The Central Bank of Kenya (CBK) rolled out the new generational notes, complete facing out the old 1,000 banknotes.
The deadline to replace all the old 1,000 banknotes was on the 30th of September with more than 7 billion shillings left uncollected.
The new denominations in 500, 200, 100, 50, 20, 10, 5 and 1 shillings are to run alongside the old ones the CBK faces them off gradually.
Now, here comes the problem; as CBK creates more 1 shilling coins, consumers are increasingly refusing to use them.
Have you ever gone to a shop and the shopkeeper told you that they don’t accept 1 shilling coins?
In most parts of the country, consumers are avoiding the coin with those we interviewed say that the coin has lost value.
In some parts of Kisumu City, even the 5 shilling coin is being rejected by some traders. The 1 shilling coin is becoming rare in the region by the day.
In Nairobi, the only place where the coin is easily accepted is either in the supermarket or the bank.
“Every time I have more than 100 shillings in 1 shilling coins, I take them to the supermarket to buy something,” said one shopper we found shopping Naivas Supermarket (Ruaraka branch).
The pricing of most products is making it hard for the 1 shilling coin to survive. Currently, the majority of price tags end with a zero (0) or a five (5) giving no room to the coin.
Some supermarkets are not even giving out 1 shilling coins as a change to customers.
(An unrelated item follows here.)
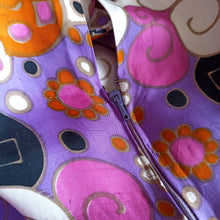 Laden Sie das Bild in den Galerie-Viewer, 1960s - Spectacular Couture Purple Maxi Pagoda Sleeves Silk Dress - W27 (68cm)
Some have packets of sweets at the counter to issue as “change” in the event coins are involved.
“The 1 shilling coin has lost value. The cost of living is high and the shilling will soon have nothing to buy,” said Mr. James Kaitano, a shopkeeper at Allsopps, Outering Road.
One of the main reasons Kenyans are giving for not accepting the shilling is the continuous change in the cost of living.